There is a growing demand for answers to questions like: How much of a watershed’s (catchment) area must be forest and where are the most important areas to maintain or restore in order to provide clean water for downstream communities? How should patches of different land uses/land covers be distributed within a rural landscape to provide flood regulation or pollination and pest control services for crops? Up to what distances might adjacent land uses affect the capacity of natural habitat to provide pest control and pollination services? Answers to these questions will help determine how different land uses and set-asides (protected designations) should be spatially distributed in the landscape in order to protect and manage ESs.
Ecosystem services valuation (ESV) is the process of assessing the contributions of ESs to certain sustainable scales, fair distribution, and efficient allocation of space and resources, like having an appropriate mix of land-use types across scales such that ESs can be maintained. There is also the need to move from general estimates to more specific statements at regional and local scales. To effectively manage changes in the flow of goods and service we need to incorporate ESV into resource management decisions. However, moving from general statements about the tremendous benefits nature provides to people to credible, quantitative estimates of ESs has proven difficult.
Among the crucial issues for obtaining reliable, quantitative estimates of ESs are those related to scales and interaction between services. Goods and services that humans obtain from ecosystems may span different scales in space and time, and can interact with one another in complex, often unpredictable ways. Improvements in the understanding of the patterns at multiple spatial and temporal scales at which ecosystem services operate are likely to provide more realistic ES values and also to improve ecosystem-based management practices.

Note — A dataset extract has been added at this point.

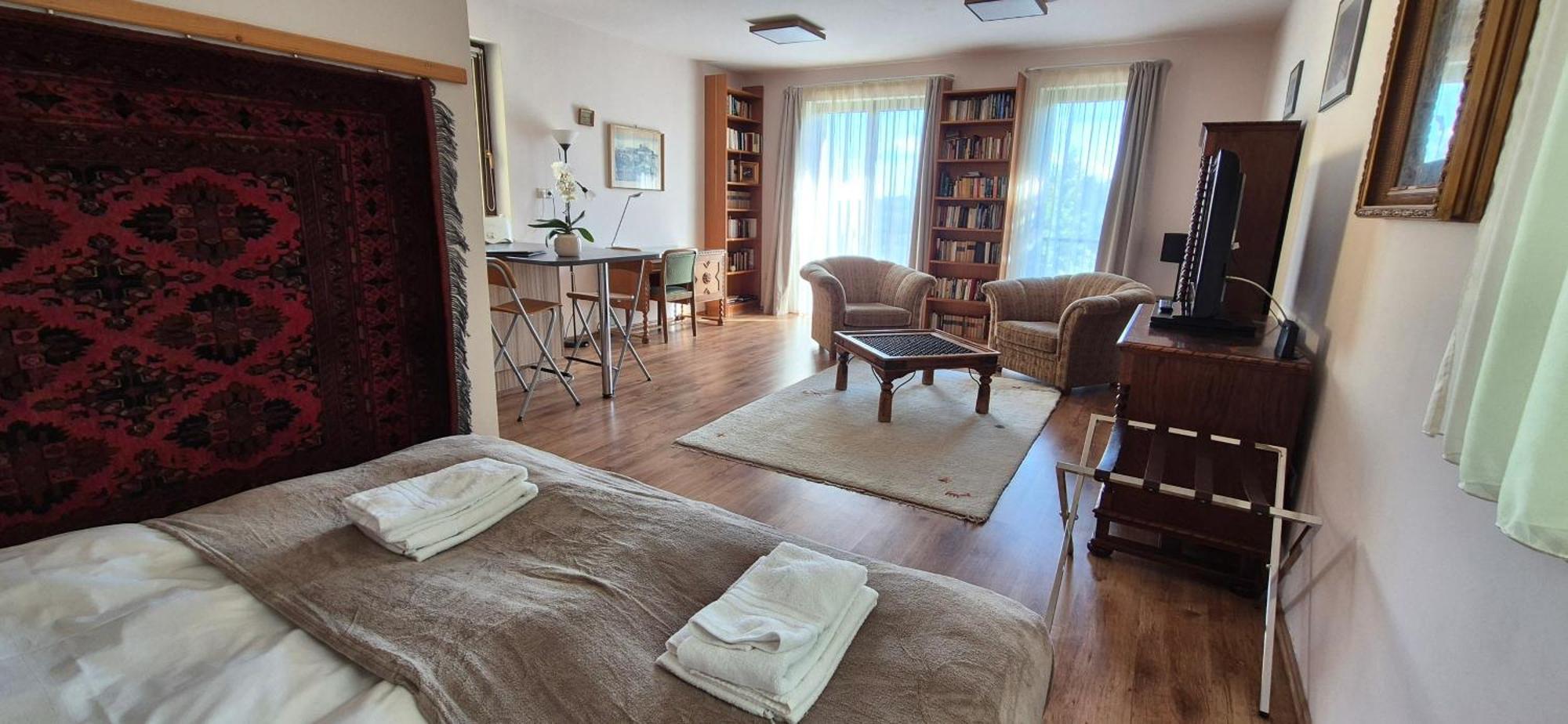 Sofia Apartment Kázmér Budapest Extérieur photo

Scales of operation of the services
Most ESs are broadly classified as operating on local, regional, global or multiple scales, and different providers of the same ES may operate across a range of spatial and temporal scales. Services can be localized, e.g., fruit from a single tree, or derived from a relatively large area, e.g., flood control by wetlands or climate regulation through carbon sequestration. ES providers are landscape- or habitat-wide or ecological community attributes, and can often be characterized by the component populations, species, functional groups (guilds), food webs or habitat types that collectively produce the services (Table 2). They can operate at different scales. So, for example, pollinators or native predators providing pest control on crops generally operate at a local scale, whereas forests contribute to climate regulation at local (shading), regional (rainfall patterns and albedo) and global (carbon sequestration) scales.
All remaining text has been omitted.